§ TASK:
Repeat the entries that follow verbatim, without any of their pictures.

§ THE DATA:
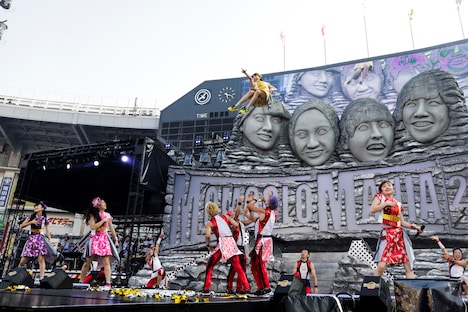 ももいろクローバーZ「MomocloMania2018 -Road to 2020-」8月5日公演の様子。（Photo by HAJIME KAMIIISAKA＋Z）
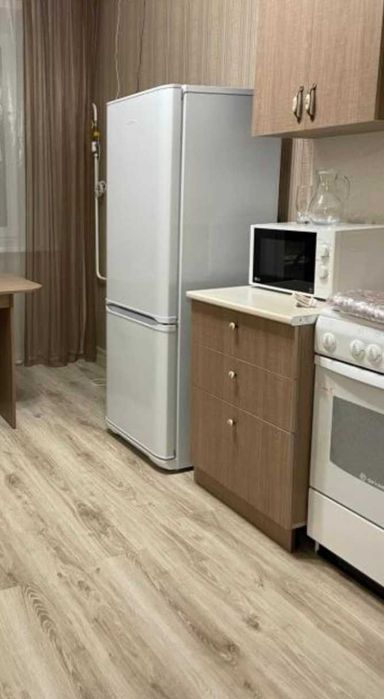 Поселю парня в 1 к кв. пр. Слобожанский.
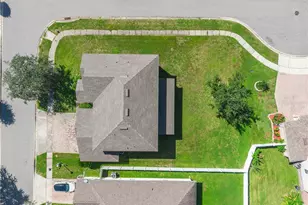 2887 Sweetspire Cir, Kissimmee, FL 34746 - Photo 51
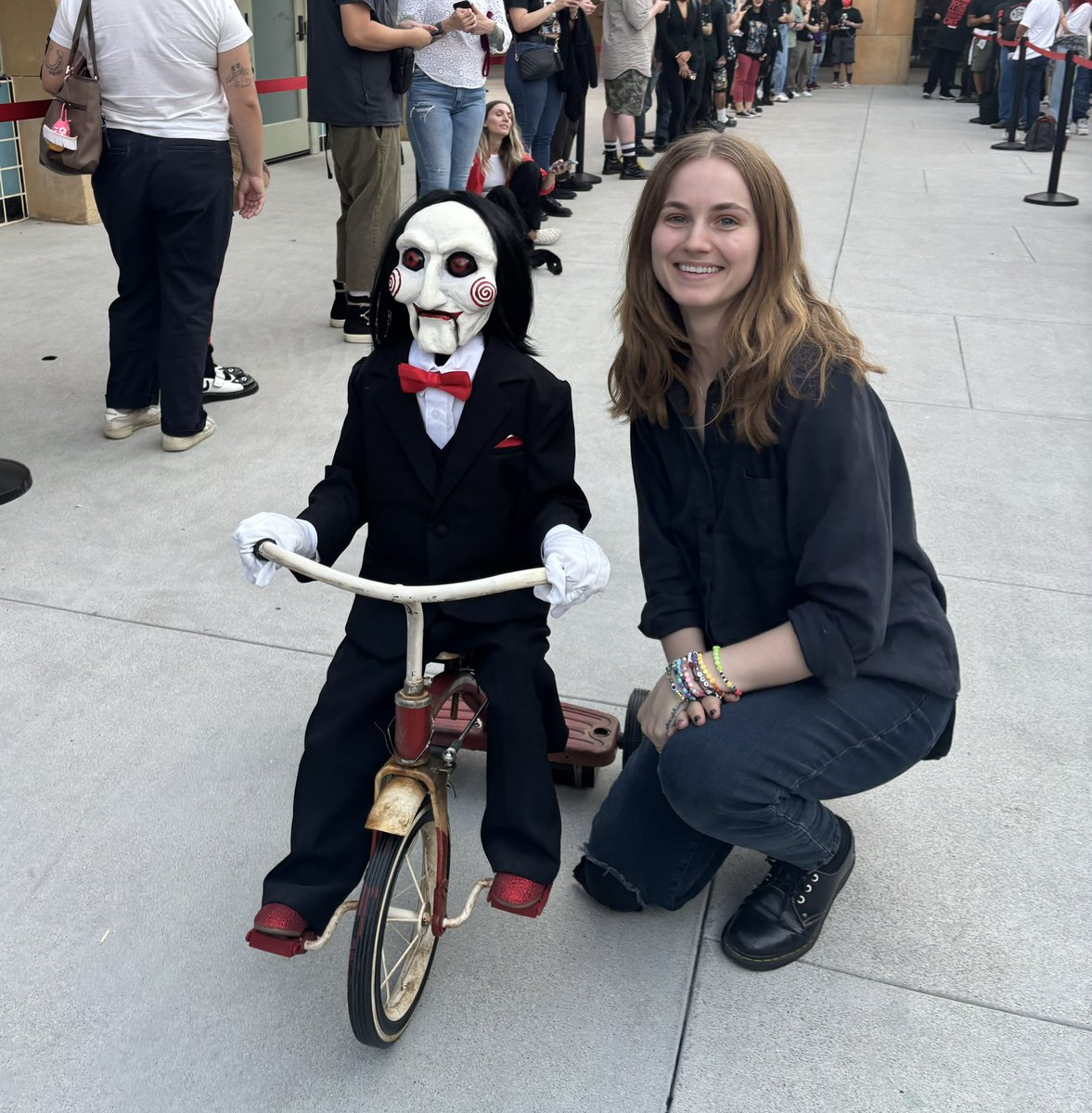 audreyvha's tweet photo. Guys I was sooooo nervous meeting such a legend in real life ❤️❤️❤️ @BeyondFest @Saw https://t.co/Kn0GOdf1jR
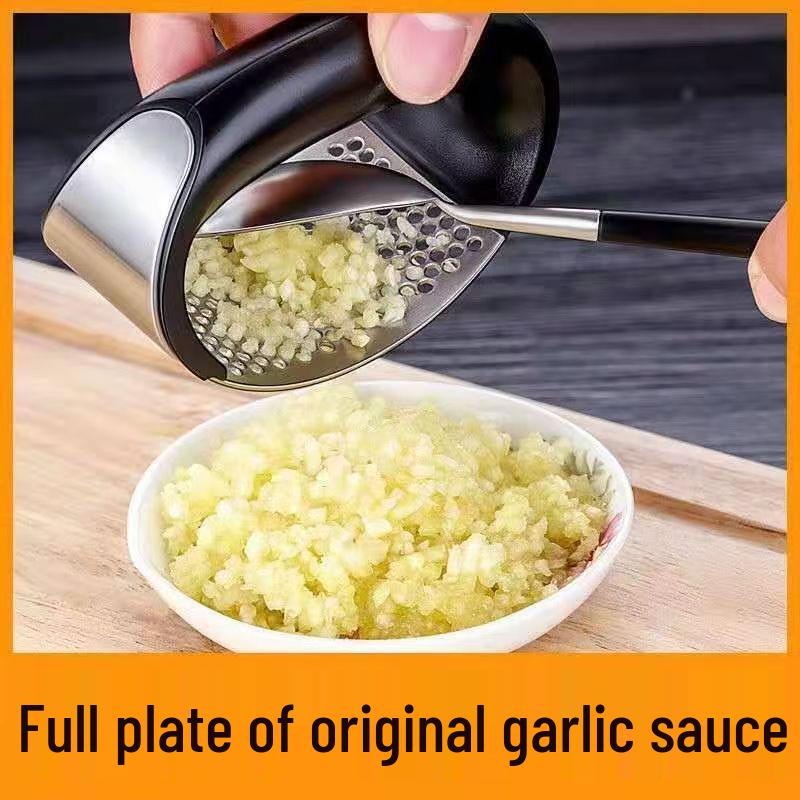 Stainless Steel Ring-Shaped Garlic Press & Peeler – Manual Kitchen Tool for Crushing Garlic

§ SOLUTION BELOW:
 ももいろクローバーZ「MomocloMania2018 -Road to 2020-」8月5日公演の様子。（Photo by HAJIME KAMIIISAKA＋Z）
 Поселю парня в 1 к кв. пр. Слобожанский.
 2887 Sweetspire Cir, Kissimmee, FL 34746 - Photo 51
 audreyvha's tweet photo. Guys I was sooooo nervous meeting such a legend in real life ❤️❤️❤️ @BeyondFest @Saw https://t.co/Kn0GOdf1jR
 Stainless Steel Ring-Shaped Garlic Press & Peeler – Manual Kitchen Tool for Crushing Garlic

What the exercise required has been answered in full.